Как известно, на Руси было достаточно много итальянских архитекторов. Руководя действиями строителей на своем языке, они прочно закрепили эти термины в строительной практике. И по прошествии веков на стройках через мегафоны и громкоговорители звучит древний язык финикийцев, переложенный на русский лад: «Майнуй потихоньку, правее, правее, вира….».
Однако, речь здесь не только об этимологии. Происхождение происхождением, но ведь итальянцы не просто так, не беспричинно позаимствовали именно у финикийцев эти слова, почему бы итальянцам не кричать просто по-итальянски: вверх, вниз? С чего бы это русские вдруг заговорили по-финикийски? Да потому что вверх, вниз по своим акустическим свойствам не годятся для этой цели. Они не так явственно различимы. Скорее всего, и в финикийском эти слова не просто так родились. Я думаю, моя версия – фонетическая – имеет под собой здоровую основу. То, что в русском эти слова заимствованы, для этой версии не имеет значения.

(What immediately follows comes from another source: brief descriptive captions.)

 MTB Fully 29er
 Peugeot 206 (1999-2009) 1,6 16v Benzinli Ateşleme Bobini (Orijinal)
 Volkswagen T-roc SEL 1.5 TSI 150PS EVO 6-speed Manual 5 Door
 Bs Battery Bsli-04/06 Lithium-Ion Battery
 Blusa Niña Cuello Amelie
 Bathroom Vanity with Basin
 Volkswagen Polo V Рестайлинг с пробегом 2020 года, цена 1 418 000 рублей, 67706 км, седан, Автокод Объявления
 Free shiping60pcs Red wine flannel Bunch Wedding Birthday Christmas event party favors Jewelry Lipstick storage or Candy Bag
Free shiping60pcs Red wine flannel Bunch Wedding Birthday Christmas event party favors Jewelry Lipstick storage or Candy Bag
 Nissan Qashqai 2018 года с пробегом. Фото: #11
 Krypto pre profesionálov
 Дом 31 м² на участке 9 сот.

В принципе, языков такое множество, что каждому слову можно при желании найти родственника. Но почему языки (все!) остановили свой выбор именно на майна и вира, моя версия объясняет, а другие нет.
Кстати, думаю, что и полундра укрепилось в языке благодаря своей звучности (раскатистое ндр в сочетании с гулким у). И наоборот, блатное атас требовало, чтобы его не услышал тот, кому оно не предназначалось. Отсюда и легкий шелест этого слова, похожего на шепот.